The Los Angeles Lakers landed the no.2 overall pick in this year’s NBA Draft, putting the rebuilding franchise in prime position to select UCLA standout Lonzo Ball. The Lakers, with 46.9 percent chance of retaining their first-round pick ahead of the NBA Draft Lottery, emerged as one of the big winners Thursday night.

Born to be a Laker

College basketball and NBA Draft expert Chad Ford of ESPN reported weeks ago about the Lakers’ front-office interest in using their lottery pick for Chino Hills native Lonzo Ball. The UCLA star took college hoops by storm this past season after he averaged 14.6 points, 7.6 assists and 1.8 steals across 36 games.

However, the most impressive part about Ball’s game is his shooting efficiency. He shot 55.1 percent from the field and 41.2 percent from beyond the arc. Bleacher Report writer Alec Nathan also paid attention to Ball’s highly efficient shot selection.

“Not only did Ball shoot better than 55 percent from the field while attempting 56.6 percent of his total shots from beyond the arc, per, he also made a gaudy 78.9 percent of his looks at the rim,” Nathan noted.

Ford said the Lakers are enamored with Ball’s all-around brilliance, while ESPN First Take analyst Stephen A. Smith believes the Los Angeles kid has all the makings of a box-office superstar.

Although several NBA scouts have some level of concerns about the off-court shenanigans of Ball’s father, LaVar, Chris Heisler of Los Angeles Daily News reported that Lakers president of basketball operations Magic Johnson isn’t too worried about potential distractions LaVar could bring to the franchise.

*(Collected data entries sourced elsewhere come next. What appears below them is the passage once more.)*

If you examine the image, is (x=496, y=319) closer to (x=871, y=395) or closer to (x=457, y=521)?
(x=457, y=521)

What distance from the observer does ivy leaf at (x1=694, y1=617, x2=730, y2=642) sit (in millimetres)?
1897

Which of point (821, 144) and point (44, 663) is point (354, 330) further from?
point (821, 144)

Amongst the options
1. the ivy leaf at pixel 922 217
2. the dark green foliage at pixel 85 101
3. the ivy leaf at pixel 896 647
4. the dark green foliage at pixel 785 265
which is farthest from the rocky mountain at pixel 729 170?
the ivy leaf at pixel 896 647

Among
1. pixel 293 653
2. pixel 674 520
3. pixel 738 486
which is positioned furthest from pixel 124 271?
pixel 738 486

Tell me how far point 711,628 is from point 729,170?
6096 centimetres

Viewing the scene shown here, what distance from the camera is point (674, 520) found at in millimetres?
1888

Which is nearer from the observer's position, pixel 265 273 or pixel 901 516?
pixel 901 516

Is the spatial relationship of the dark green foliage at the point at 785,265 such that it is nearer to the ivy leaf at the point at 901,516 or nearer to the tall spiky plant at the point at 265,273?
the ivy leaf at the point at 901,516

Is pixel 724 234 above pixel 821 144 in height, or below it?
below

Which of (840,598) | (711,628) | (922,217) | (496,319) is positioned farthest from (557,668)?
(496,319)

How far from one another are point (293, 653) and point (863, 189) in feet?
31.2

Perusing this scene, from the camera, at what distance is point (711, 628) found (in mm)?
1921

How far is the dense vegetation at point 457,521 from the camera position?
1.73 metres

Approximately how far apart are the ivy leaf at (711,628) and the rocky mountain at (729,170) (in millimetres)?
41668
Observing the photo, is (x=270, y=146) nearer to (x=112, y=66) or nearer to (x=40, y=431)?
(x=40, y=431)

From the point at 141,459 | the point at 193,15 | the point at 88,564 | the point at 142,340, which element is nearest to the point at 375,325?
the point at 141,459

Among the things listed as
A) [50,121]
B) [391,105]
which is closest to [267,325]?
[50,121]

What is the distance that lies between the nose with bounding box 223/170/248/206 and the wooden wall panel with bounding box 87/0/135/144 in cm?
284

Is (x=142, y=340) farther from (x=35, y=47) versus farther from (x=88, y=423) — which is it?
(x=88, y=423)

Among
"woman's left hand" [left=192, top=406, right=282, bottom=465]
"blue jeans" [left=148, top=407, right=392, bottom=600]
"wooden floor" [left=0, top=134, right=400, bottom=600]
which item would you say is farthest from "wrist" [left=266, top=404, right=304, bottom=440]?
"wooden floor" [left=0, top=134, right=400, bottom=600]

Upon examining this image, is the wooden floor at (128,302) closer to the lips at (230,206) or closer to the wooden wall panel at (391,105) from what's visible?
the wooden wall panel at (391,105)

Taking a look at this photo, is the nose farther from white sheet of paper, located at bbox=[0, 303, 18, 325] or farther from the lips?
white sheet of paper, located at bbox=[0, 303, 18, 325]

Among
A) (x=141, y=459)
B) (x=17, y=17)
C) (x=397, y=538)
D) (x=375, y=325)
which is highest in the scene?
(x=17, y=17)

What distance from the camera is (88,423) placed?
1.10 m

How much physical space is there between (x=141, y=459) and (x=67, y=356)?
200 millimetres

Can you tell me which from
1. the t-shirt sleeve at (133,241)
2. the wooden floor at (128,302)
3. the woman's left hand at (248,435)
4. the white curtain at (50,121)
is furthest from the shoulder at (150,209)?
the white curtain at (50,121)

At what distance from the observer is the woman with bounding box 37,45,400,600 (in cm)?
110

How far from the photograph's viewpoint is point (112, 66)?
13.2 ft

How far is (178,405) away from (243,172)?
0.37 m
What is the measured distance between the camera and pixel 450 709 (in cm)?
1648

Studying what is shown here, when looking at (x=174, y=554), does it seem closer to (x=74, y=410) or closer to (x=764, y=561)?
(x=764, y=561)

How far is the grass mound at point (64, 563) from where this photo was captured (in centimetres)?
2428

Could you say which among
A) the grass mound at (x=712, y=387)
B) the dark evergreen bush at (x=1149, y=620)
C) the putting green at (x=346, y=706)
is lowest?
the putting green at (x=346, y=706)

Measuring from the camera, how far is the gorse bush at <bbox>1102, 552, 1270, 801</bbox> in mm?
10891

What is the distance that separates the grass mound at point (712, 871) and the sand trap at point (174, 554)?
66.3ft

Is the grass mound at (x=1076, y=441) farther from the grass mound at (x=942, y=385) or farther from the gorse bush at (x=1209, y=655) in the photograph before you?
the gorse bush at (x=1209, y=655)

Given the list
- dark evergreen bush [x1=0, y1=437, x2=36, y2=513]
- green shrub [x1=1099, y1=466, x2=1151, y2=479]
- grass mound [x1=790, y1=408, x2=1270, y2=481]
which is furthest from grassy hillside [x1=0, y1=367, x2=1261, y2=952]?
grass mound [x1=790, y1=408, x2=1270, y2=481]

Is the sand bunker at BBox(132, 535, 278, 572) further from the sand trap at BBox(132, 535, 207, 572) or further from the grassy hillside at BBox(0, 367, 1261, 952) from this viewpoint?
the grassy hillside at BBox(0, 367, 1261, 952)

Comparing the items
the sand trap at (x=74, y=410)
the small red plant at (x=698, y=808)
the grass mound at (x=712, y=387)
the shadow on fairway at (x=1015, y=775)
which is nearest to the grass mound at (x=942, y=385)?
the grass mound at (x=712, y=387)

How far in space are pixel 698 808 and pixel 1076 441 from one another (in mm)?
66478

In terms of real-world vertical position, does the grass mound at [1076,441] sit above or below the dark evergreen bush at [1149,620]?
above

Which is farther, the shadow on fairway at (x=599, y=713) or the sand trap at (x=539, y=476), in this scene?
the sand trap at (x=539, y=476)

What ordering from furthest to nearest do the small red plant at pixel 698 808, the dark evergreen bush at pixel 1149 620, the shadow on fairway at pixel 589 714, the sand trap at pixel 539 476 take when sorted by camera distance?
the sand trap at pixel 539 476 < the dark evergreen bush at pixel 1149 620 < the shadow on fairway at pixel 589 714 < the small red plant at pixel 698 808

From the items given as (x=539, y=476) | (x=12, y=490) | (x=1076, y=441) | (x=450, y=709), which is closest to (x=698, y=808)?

“Happily for Lonzo, scouts have him down as a level-headed, unassuming young man or, in other words, nothing like his father. Asked about LaVar at the NBA combine, Magic said the father would have “no effect at all” on his son’s draft status,” according to Heisler.

Moving parts

With Ball appears to be heading to the Lakers, all eyes will be on Magic as he makes the necessary moves to make Lonzo’s arrival smooth as possible.

Nathan thinks it won’t be shocking if the Lakers president explores a trade to unload one of their guards: D’Angelo Russell and Jordan Clarkson.

Between the two, Russell will command a better trade returns largely because of his status as a former no.2 overall pick and he’s still playing on a rookie contract. Clarkson, on the other hand, is earning $12.5 million per year after re-signing with the Lakers to a four-year, $40 million deal.

The sheer size of his contract makes Clarkson a little harder to trade than Russell, although he can still be used as potential trade package if the Lakers pull off a major coup on the trade market this summer.